Doomtime
Reviewed date: 2019 Feb 7
Rating: 1
173 pages
What if trees could think...
...and they were evil?
...and they grew six kilometers tall?
...and their root systems spanned continents?
...and the green and red trees competed with each other for world domination?
...and they controlled the weather?
...and the trees could suck humans into their trunks, merge with them on a molecular level, telepathically communicate with them, draw information from their minds, implant post-hypnotic suggestions, and convince the humans that this "dipping" was pleasurable and addicting?
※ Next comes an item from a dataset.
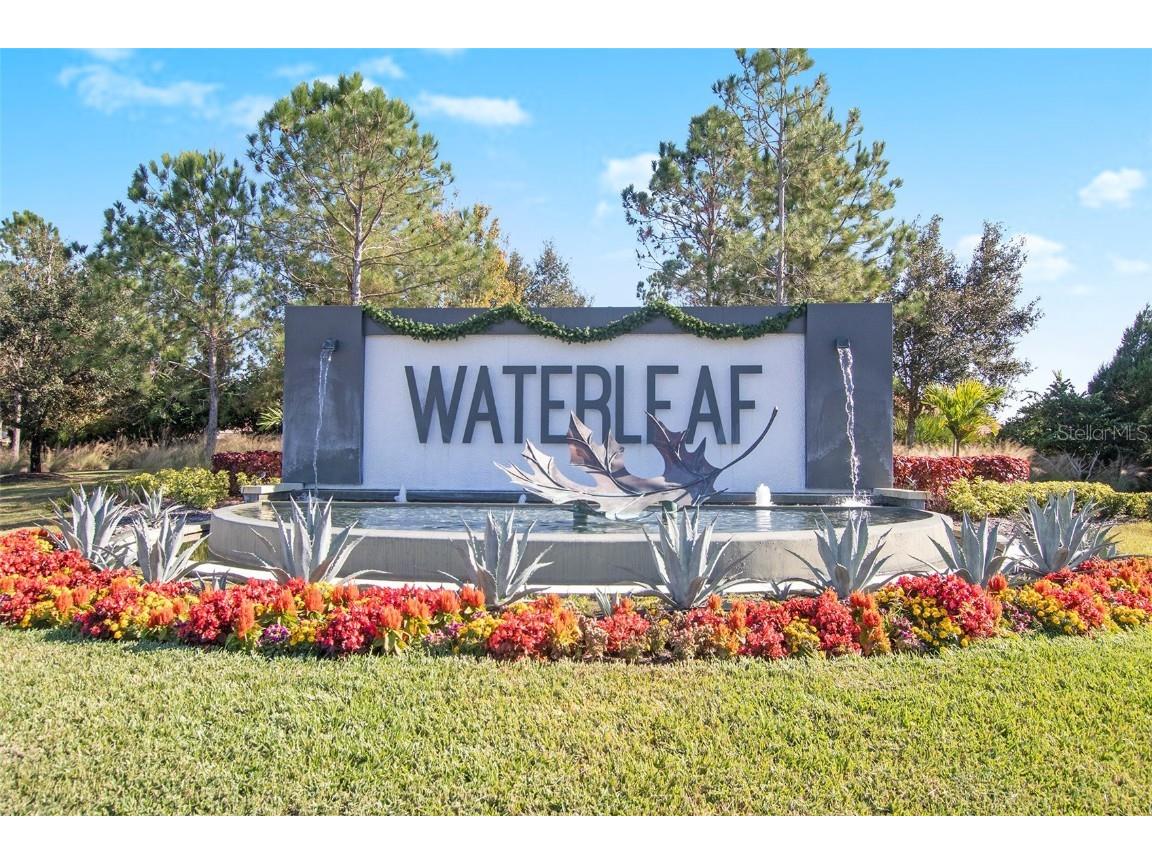 11851 Frost Aster Drive Riverview FL 33579 TB8456337 image36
If trees were like that, well then you would have Doomtime: The War of the World Trees.
Tedron and Krake
The green trees are named Tedron and the red trees are named Krake. The giant trees grow next to each other but are separated by an impenetrable concrete wall. They desperately want to touch each other, for love or for war is not clear, and the only way to do this is to spread around the globe and meet on the far side. Um. OK. I'm not sure how spreading thousands of miles across continents and seas is easier than growing above or tunneling under a concrete wall, but this wall is apparently special. And magic.
Creed
The main character is Creed, and he lives in a city called Neo that is built honey-comb like into a hillside. Neo is the only city Creed or anyone else knows of, and everybody lives in Neo. One day, a stranger tries to kill Creed. Then trees start appearing in the valley below Neo. They've never seen trees before, but they seem to know all about them despite claiming not to.
Things happen. Then other things happen.
Doris Piserchia has a style of writing where she tells about things happening, but there's no plot. Events occur. Somebody does something. Then she drops the plot thread and picks up something else. It's herky-jerky and disjointed, a mess of ideas scattered like a Jackson Pollock painting. It doesn't work for me, at least not mostly.